Geralmente consideramos as omissões como sendo condutas equivocadas, medrosas e, em determinados casos, mal intencionadas. Acreditamos, se alguém deixa de compartilhar uma informação que tem conhecimento, estará prejudicando uma outra pessoa ou até à sociedade da qual pertence.

No entanto, as regras podem ter exceções e, no referenciado capítulo 16 do 4º Evangelho, encontramos um esclarecedor exemplo nas palavras de Jesus. Ali o Mestre, durante a última noite em que esteve com os seus seguidores antes da crucificação, decidiu confortá-los acerca dos acontecimentos futuros. Coisas que ele não havia falado no começo do discipulado, tipo a hostilidade dos próprios compatriotas, vieram a ser reveladas (verso 4). Porém, ainda restavam outros assuntos para comunicar e estes seriam ensinados posteriormente pelo "Espírito da verdade" (v. 13).

Em seu livro Coragem para evoluir, o administrador de empresas e estudioso da consciência Luciano Vicenzi descreve aquilo que chamou de "omissões superavitárias". Estas, segundo o autor, ocorrem

"Quando a consciência possuidora de maior lucidez e maturidade, conhecendo mais a fundo a realidade consciencial e um contexto e, portanto, com maior visão de conjunto, compreende que a revelação de determinada informação a outrem não ajudaria. Conforme a situação, poderia até causar um estupro evolutivo no outro, fato possível de ocorrer quando alguém recebe um nível de informação além do que é capaz de absorver, colocando-a num conflito íntimo desestabilizador. A omissão, neste caso, é pautada pelo uso do discernimento na dosagem correta da informação, visando a melhor assistência possível para aquele contexto, demonstrando maturidade na comunicabilidade." (1ª ed. Rio de Janeiro: IIPC, 2001, págs. 95 e 96) 
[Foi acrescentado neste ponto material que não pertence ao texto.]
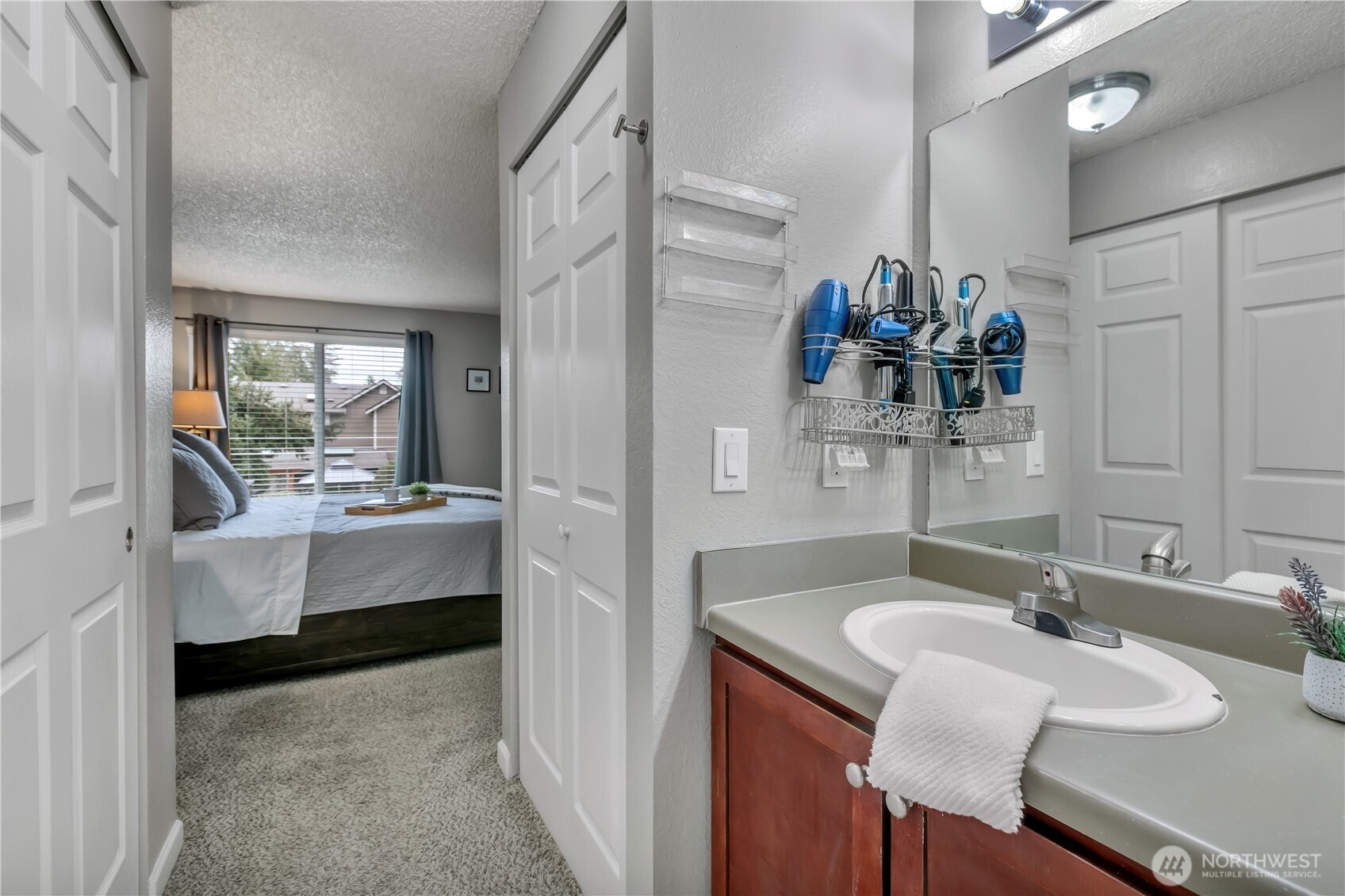 23712 13th Place S #1006, Des Moines, WA 98198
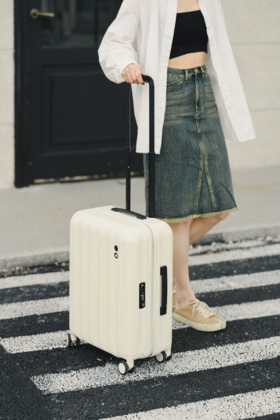 轻便又静音的行李箱，真的太宝藏了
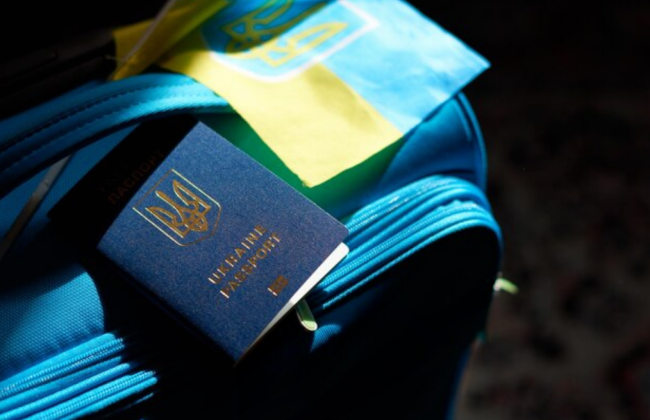 Залишилися без паспорту, поки оформлюється новий: як українцям посвідчити особу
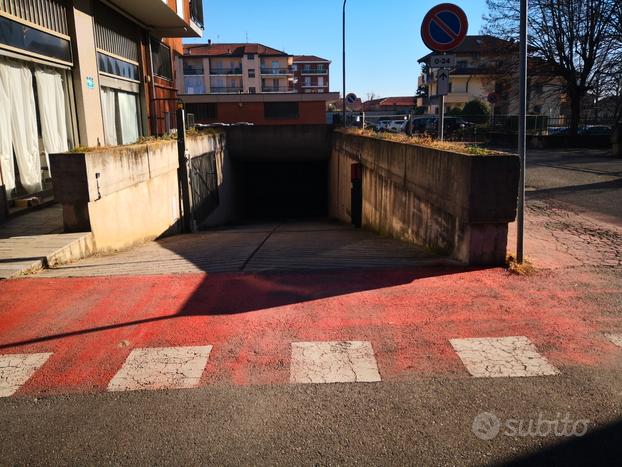 Garage - Box in Ciriè (TO)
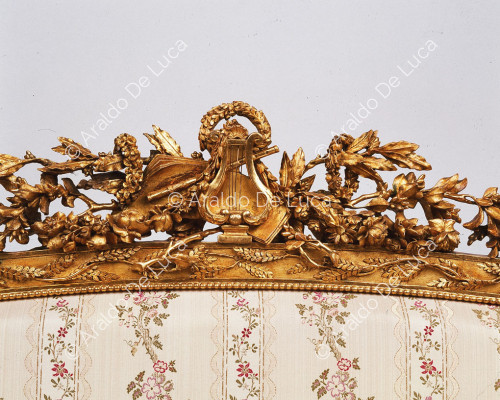 Sofá. Detalle de las decoraciones de bronce dorado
Refletindo acerca desses pensamentos, lembrei-me da inutilidade que há no excesso de críticas dirigidas a uma pessoa do nosso convívio, ainda que de maneira amorosa ou pretensiosamente com fins edificantes. Muitas vezes queremos corrigir o nosso próximo e resolvemos dizer-lhe tudo o que achamos a seu respeito. Porém, toda aquela carga de informações acaba sendo danosa pois, ao invés de auxiliarmos, geramos uma paralisadora perplexidade a ponto de bloquearmos o discernimento do receptor. Aí aquela palavra que fora dita buscando o bem acaba não produzindo o fruto esperado prejudicando mais o aprendizado do nosso irmão.

Voltando ao 4º Evangelho, observamos ali que a obra de transformação é operada pelo Espírito de Deus no coração do ser humano. Nós não convertemos e nem salvamos ninguém! É cada um em seu auto-aprendizado que se convence dos erros, daquilo que é justo e do triunfo do bem sobre o mal. E aí entendo que o próprio Jesus soube reconhecer a sua limitação como homem, admitindo que o trabalho por ele empreendido teria continuidade pela experimentação espiritual dos discípulos. Pois estes, na ocasião oportuna, seriam capazes de se lembrar das lições do passado e interpretariam as boas novas para as necessidades presentes (conf. Jo 14:26), compreendendo as mudanças que viriam no futuro.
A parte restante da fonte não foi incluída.